▶ _DATASET_
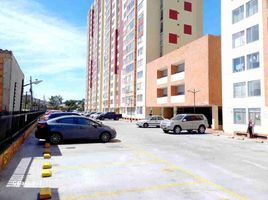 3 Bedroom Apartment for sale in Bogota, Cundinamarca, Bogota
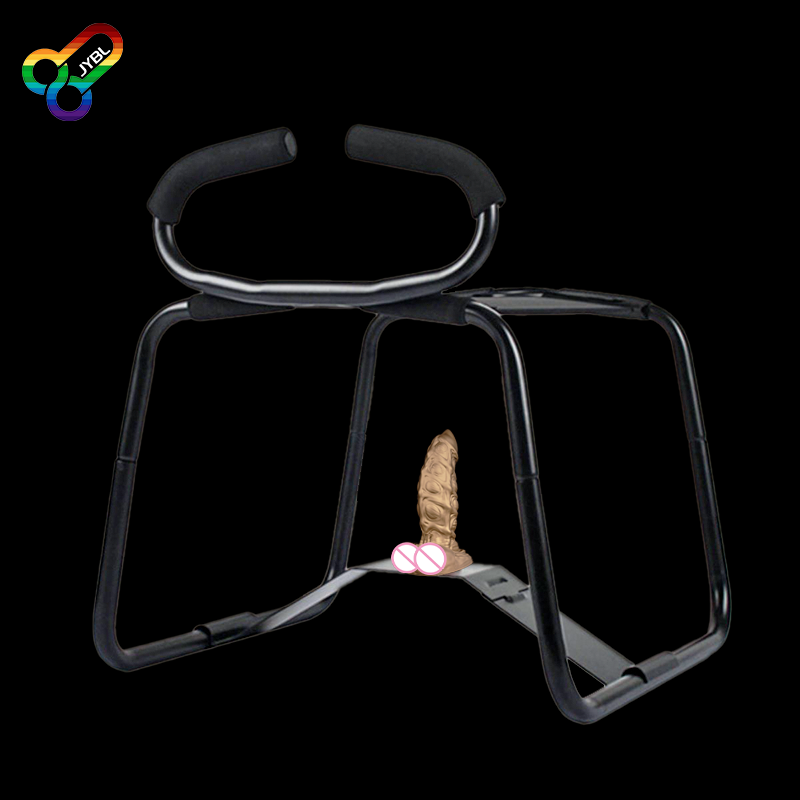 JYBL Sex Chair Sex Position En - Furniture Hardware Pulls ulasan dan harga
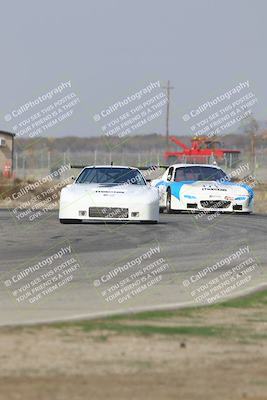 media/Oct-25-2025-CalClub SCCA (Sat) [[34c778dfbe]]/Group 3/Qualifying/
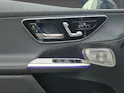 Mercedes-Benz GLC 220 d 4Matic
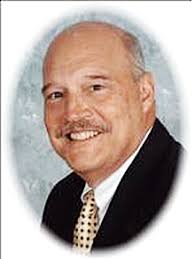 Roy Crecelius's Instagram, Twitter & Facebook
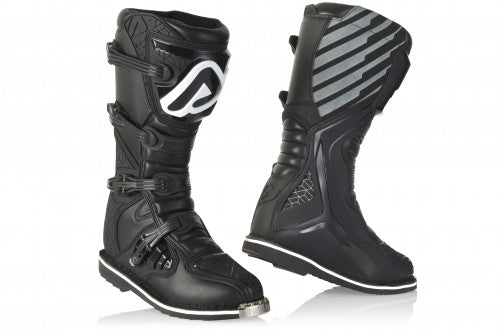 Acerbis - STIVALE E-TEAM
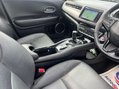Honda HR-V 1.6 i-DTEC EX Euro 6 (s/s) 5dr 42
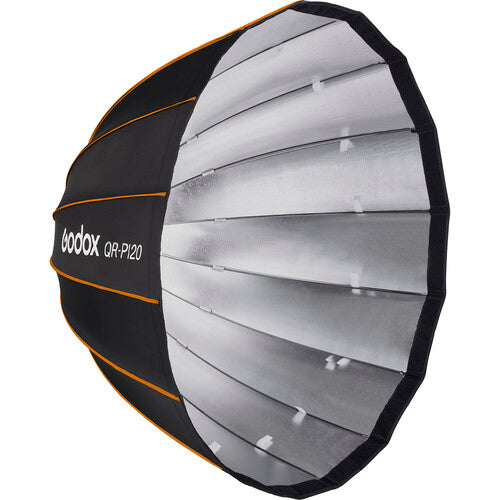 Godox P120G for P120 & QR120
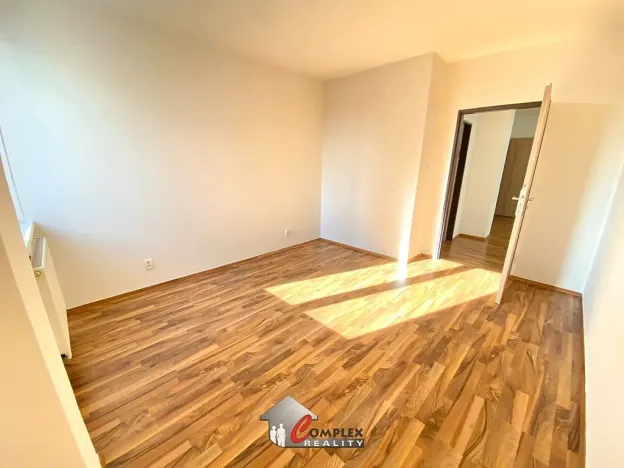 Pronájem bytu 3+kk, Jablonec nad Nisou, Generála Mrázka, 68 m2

▶ _PROBLEM REQUIREMENTS_
Excluding pictures, print all lines above exactly.

▶ _YOUR SOLUTION_
 3 Bedroom Apartment for sale in Bogota, Cundinamarca, Bogota
 JYBL Sex Chair Sex Position En - Furniture Hardware Pulls ulasan dan harga
 media/Oct-25-2025-CalClub SCCA (Sat) [[34c778dfbe]]/Group 3/Qualifying/
 Mercedes-Benz GLC 220 d 4Matic
 Roy Crecelius's Instagram, Twitter & Facebook
 Acerbis - STIVALE E-TEAM
Honda HR-V 1.6 i-DTEC EX Euro 6 (s/s) 5dr 42
 Godox P120G for P120 & QR120
 Pronájem bytu 3+kk, Jablonec nad Nisou, Generála Mrázka, 68 m2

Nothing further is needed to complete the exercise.